Requirement –
Using the entries that follow, transcribe only the lines from the line with "때 아닌 총소리에 잠 못 이루는 밤 | 시골집 풍경" to the line with "0 Hanahan Ln, Leesville, SC 29070", both included, exactly as they stand and without pictures.

Records for the exercise –
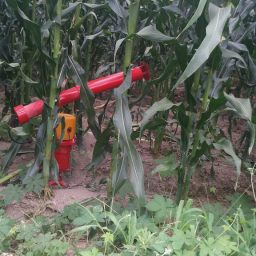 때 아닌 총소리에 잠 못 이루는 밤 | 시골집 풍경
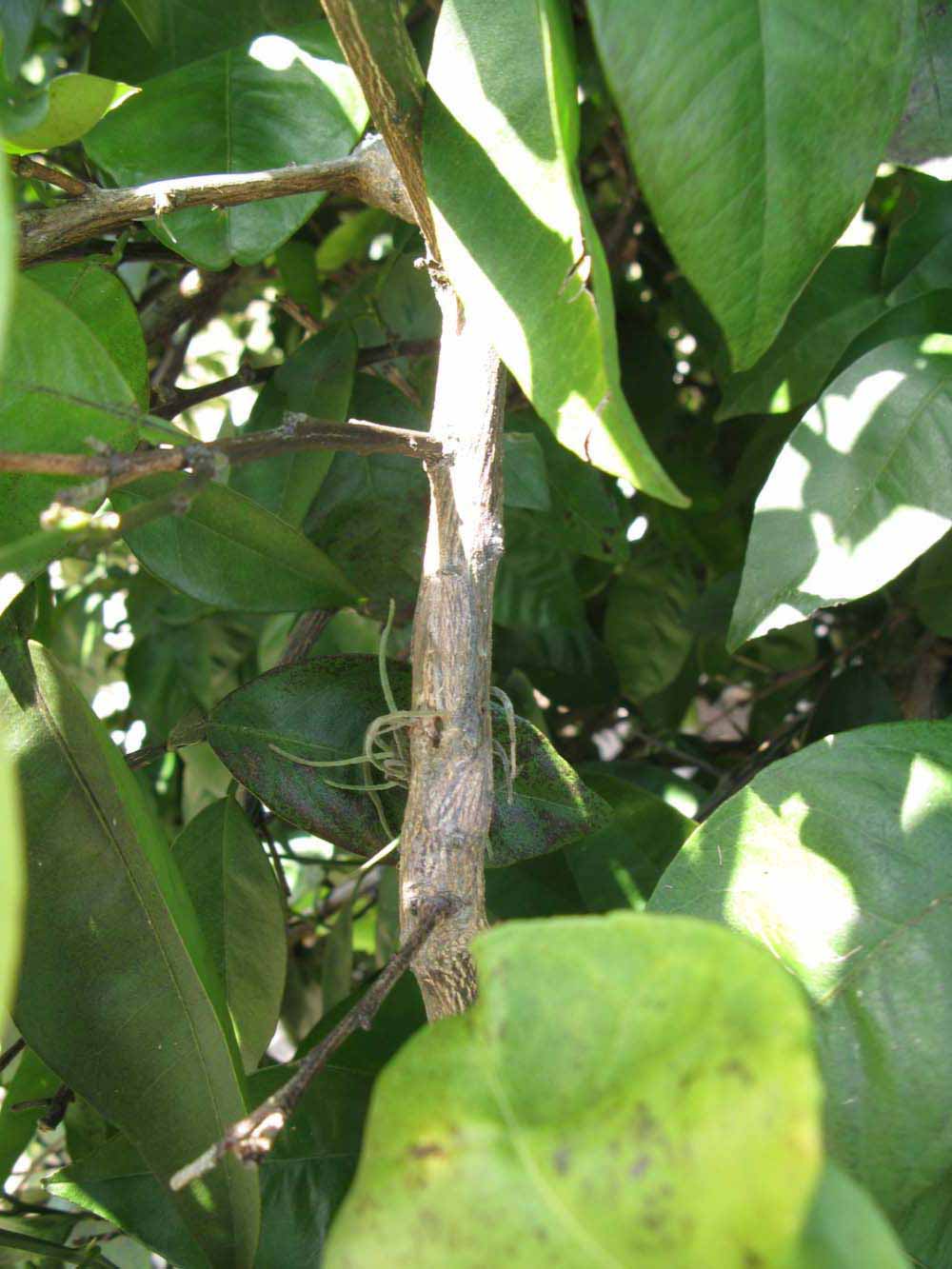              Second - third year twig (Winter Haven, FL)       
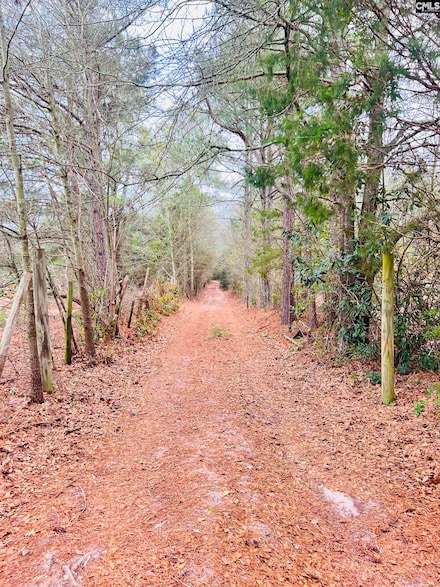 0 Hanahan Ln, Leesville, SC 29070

...

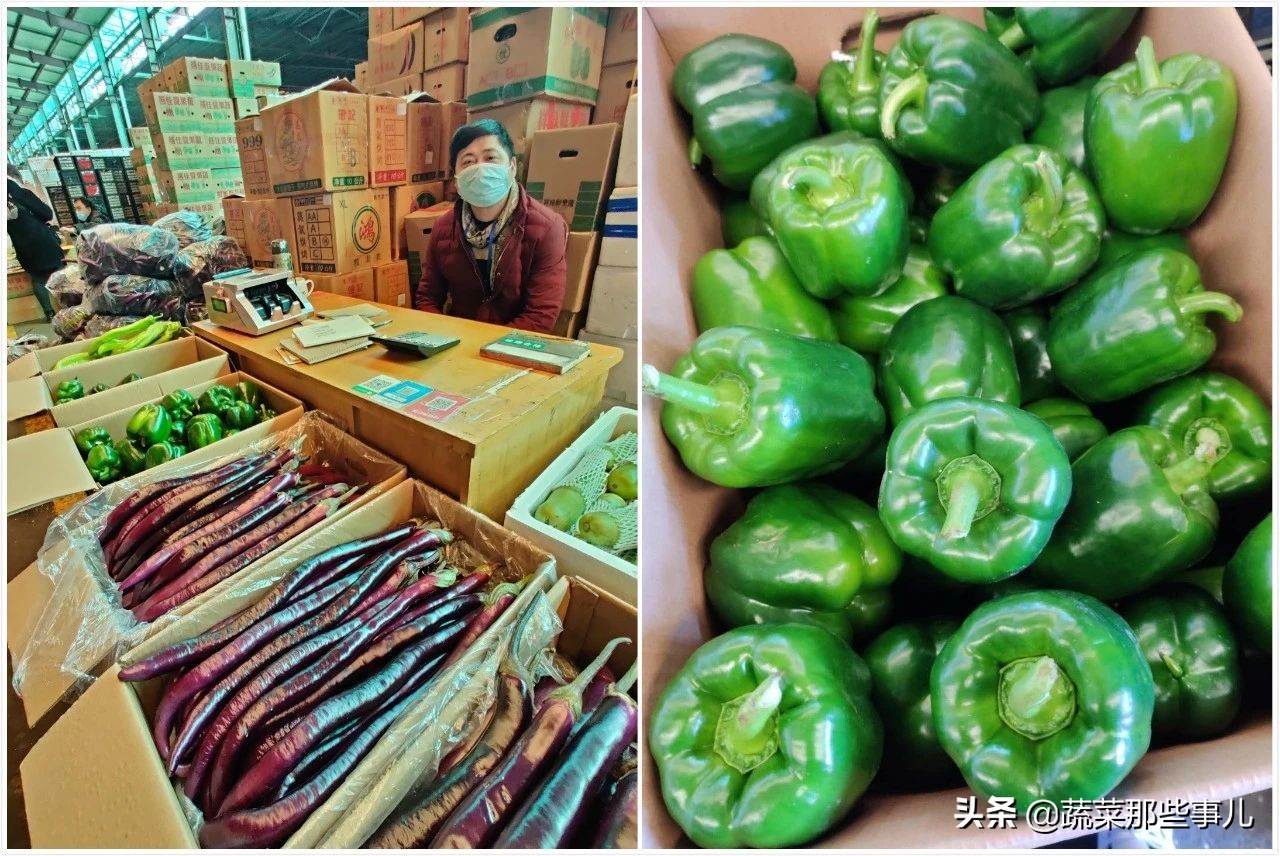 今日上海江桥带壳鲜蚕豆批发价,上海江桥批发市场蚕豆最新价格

Response below –
 때 아닌 총소리에 잠 못 이루는 밤 | 시골집 풍경
              Second - third year twig (Winter Haven, FL)       
 0 Hanahan Ln, Leesville, SC 29070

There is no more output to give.